Invited Talk: On obfuscating quantum computation

invited

    Biography

    Miryam Mi-Ying Huang is a Ph.D. student in Computer Science at the University of Southern California, where she is advised by Dr. Jiapeng Zhang. She worked with Dr. Kai-Min Chung during college and before her Ph.D. Her research primarily focuses on cryptography and complexity theory, with an emphasis on quantum and post-quantum cryptography as well as communication complexity.

    Abstract

    Program obfuscation aims to hide a program’s internal structure while preserving its functionality. In the quantum world, whether one can obfuscate general quantum circuits has remained a central open question. Previous works achieved obfuscation only for highly restricted classes of quantum programs, leaving a significant gap toward obfuscation of full quantum computation . We close this gap through a sequence of results. We first show how to obfuscate unitary quantum programs with quantum inputs and outputs in the classical oracle model—removing the earlier pseudo-deterministic restriction and handling genuinely quantum behavior. We then build on this foundation to obtain the first quantum ideal obfuscation scheme for arbitrary quantum circuits, encompassing general completely positive trace-preserving (CPTP) maps.
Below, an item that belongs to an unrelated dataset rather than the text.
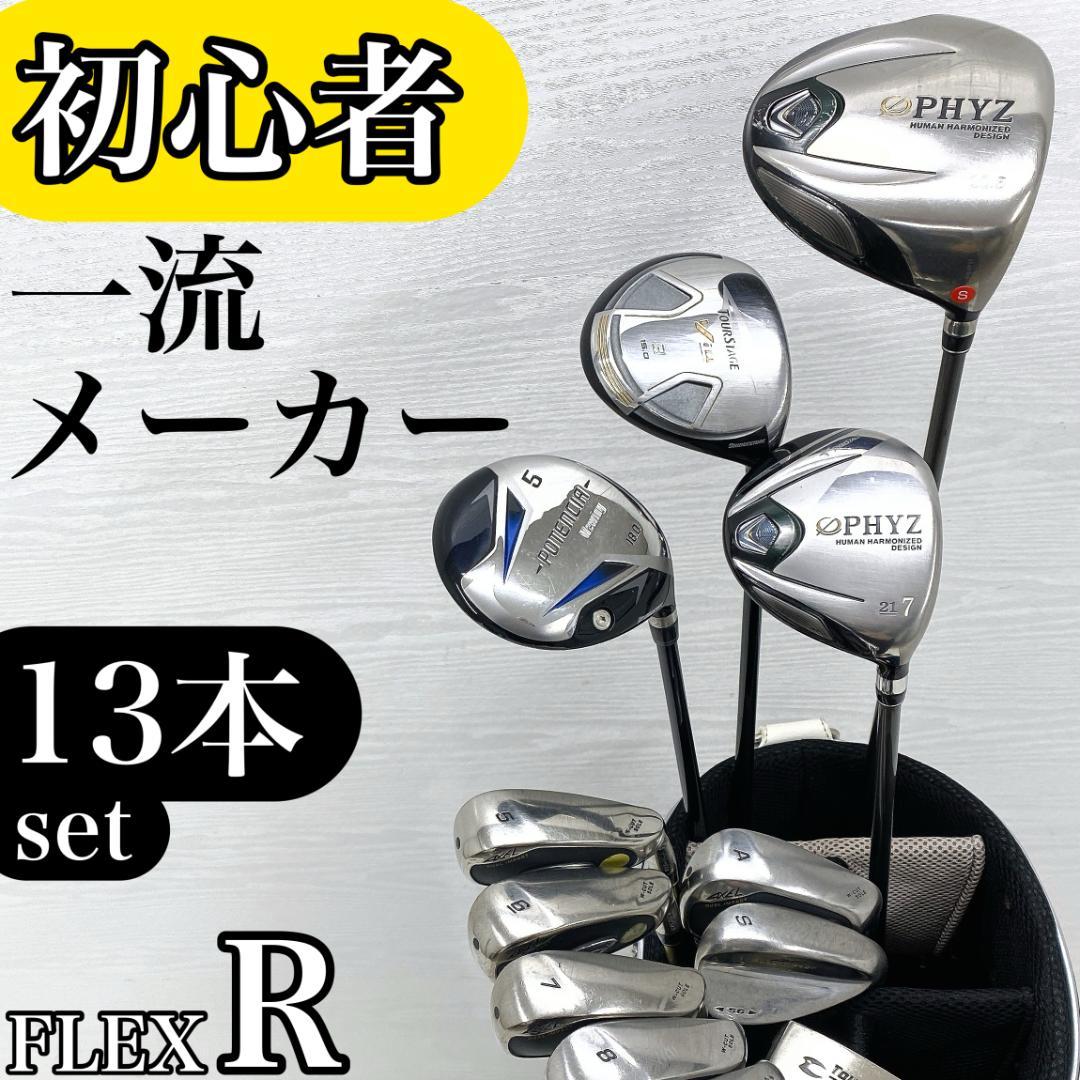 【初心者様推奨!!】ツアーステージ アクセル メンズ ゴルフクラブ セット R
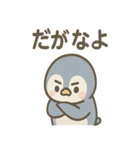 あさつきペンギンのんびりあいさつスタンプ（個別スタンプ：33）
Our constructions rely solely on post-quantum one-way functions in the classical oracle model and develop new techniques, including functional quantum authentication and subspace-preserving pseudorandom unitaries. Together, these results resolve a series of open problems and establish the first obfuscation scheme for general quantum circuits with quantum inputs and outputs in the classical oracle model.